My roommate took pity on me that night. “Yes, Megan,” he explained, “you have to cut up the breast, because eating raw meat can result in E. coli!”
So I mastered the art of eliminating fat and grilling nicely sliced, civilized breasts. But that was only Step One. Since I’ve never had any personal connection to the chefs at Carrabba’s Italian Grill, I was largely unaware that items like “paprika” and “thyme” existed. Maybe an exaggeration, but the point remains.
Then I remembered one of my mom’s (few) recipes for lemon garlic chicken. Perhaps not the most innovative dish, but an option nonetheless. The first time I squeezed an entire lemon over my sliced chicken, the pan erupted in a series of loud crackles and I jumped back in fright. After coating both sides of each piece with garlic and pepper seasoning and sliding them onto the biggest plate I’d yet used, I wolfed down what would go down in history as the best – and first legitimate – meal I had yet made. I was 19 years old.
Two years later, cooking has evolved from an annoying necessity to an opportunity for chatting and friendly collaboration, with a hint of nostalgia. The pinnacle of my achievements remains a chicken cordon bleu, wrapped in prosciutto instead of ham (I always enlist some help with the wrapping).

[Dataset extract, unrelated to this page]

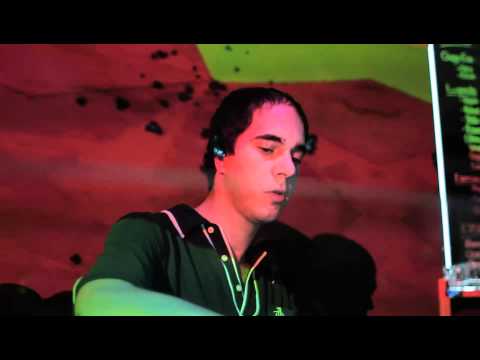 Dilo (live) & VJSUAVE at Under_line #15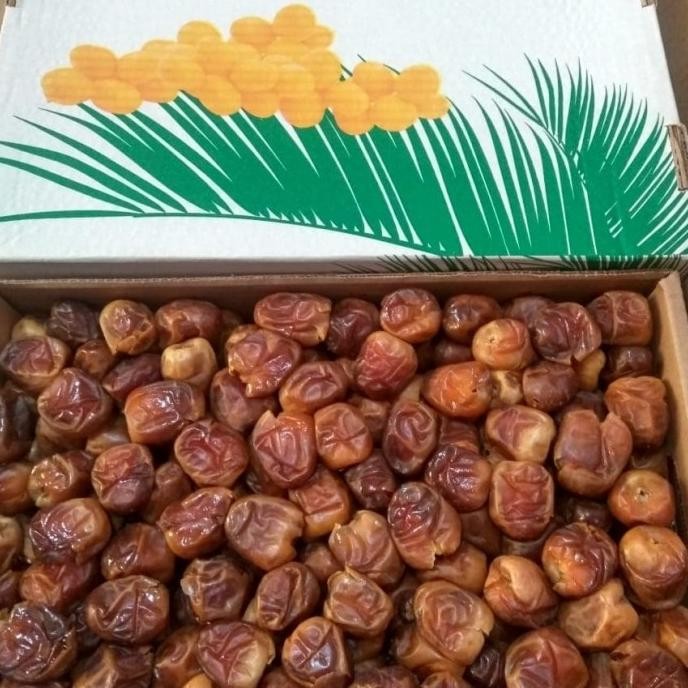 

Sale Kurma Sukari / Sukkari Korma Basah /Sukkari 3 Kg Al - Qassim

Not only does it rival anything I’ve ever eaten in an American restaurant, it’s also the manifestation of a life skill I’ve learned. Delayed gratification.
I can’t say I’m able to cook much beyond chicken, or the sautéed mushrooms and fried peppers that usually serve as side dishes. But it’s a start. All I know is there’s a lot more I can do with meat – how to fashion to fit my particular mood, cravings and time allotment – than a frozen meal, which only exacerbates every college student’s on-the-go m-o. Imagine what I could do if I strayed from poultry.